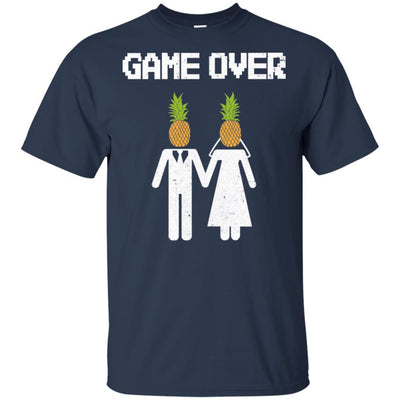 Pineapple Game Over Funny Wedding Bachelor Party-T-Shirt & Hoodie-Classic T-Shirt-Navy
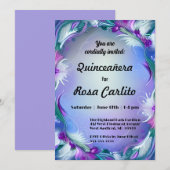 Bloemen en veren Quinceañera Uitnodiging (Voorkant / Achterkant)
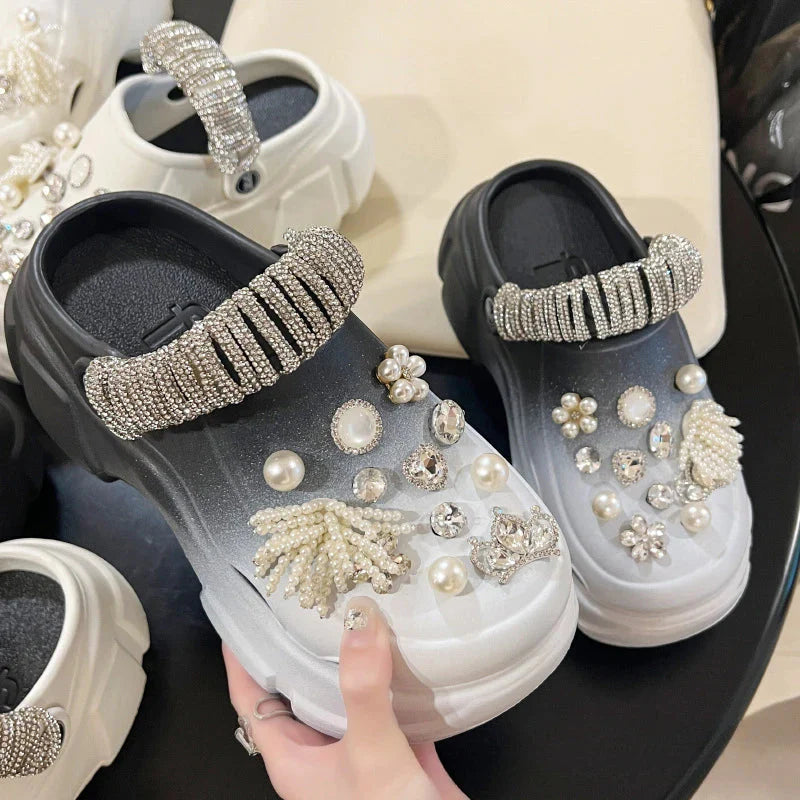 Gradient color UETEEY clog sandals with thick sole, summer outdoor slippers by SHOWLU FASHION STORE, stylish and comfortable footwear.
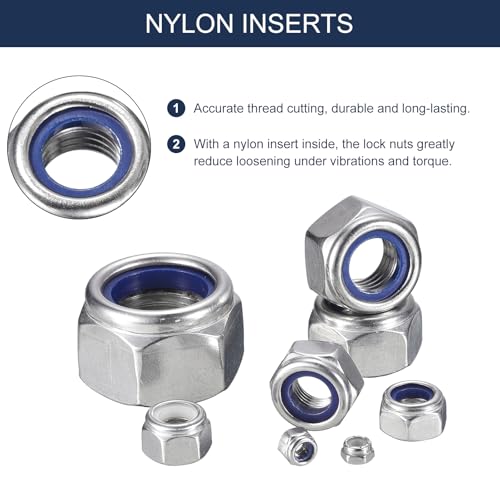 Écrous auto-bloquants M10 insert nylon Quarkzman visserie inox 316 construction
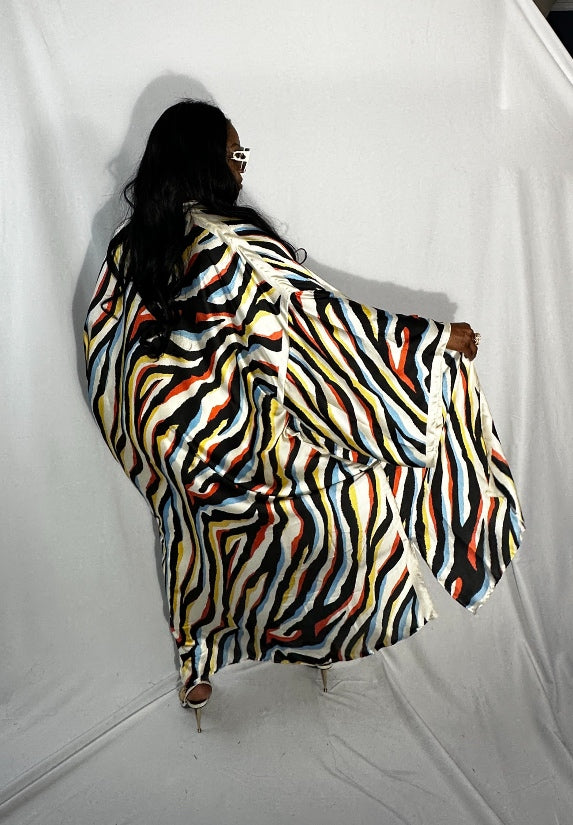 Senegal Zebra Print Satin Open Front Kimono Long Kimono - Red Blue Yellow Blend  Ships 10/28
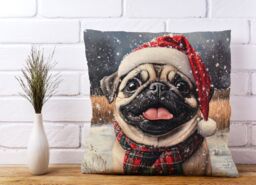 Warren Reed - Designer Christmas Pug Cushion in Brown - Size: 60 cm x 60 cm - thumbnail 2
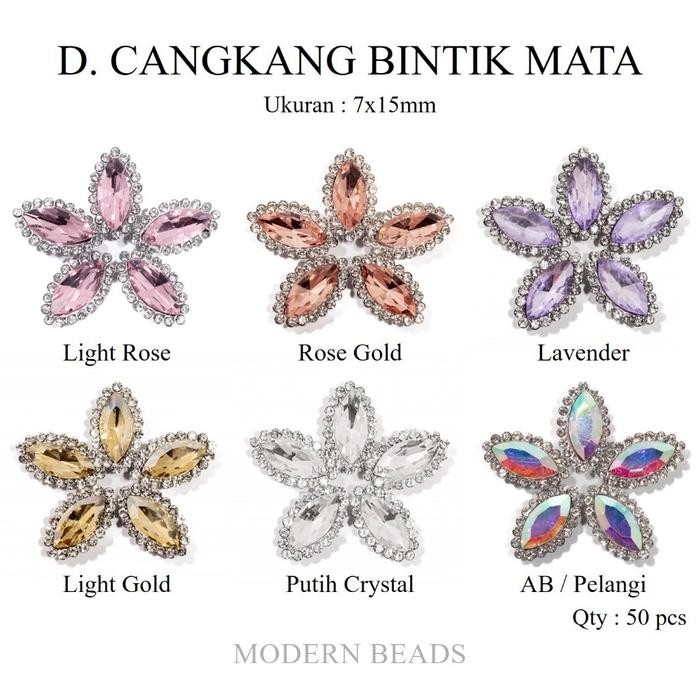 

[50 pcs] D. Cangkang Bintik Mata 7x15 / Diamond Permata Cangkang Bintik Mata Aneka Warna Grade A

### What is needed
Write out the lines of the entries above exactly, beginning with the first and ending with the line that contains "Gradient color UETEEY". No picture goes in.

### Answer for this exercise
 Pineapple Game Over Funny Wedding Bachelor Party-T-Shirt & Hoodie-Classic T-Shirt-Navy
 Bloemen en veren Quinceañera Uitnodiging (Voorkant / Achterkant)
 Gradient color UETEEY clog sandals with thick sole, summer outdoor slippers by SHOWLU FASHION STORE, stylish and comfortable footwear.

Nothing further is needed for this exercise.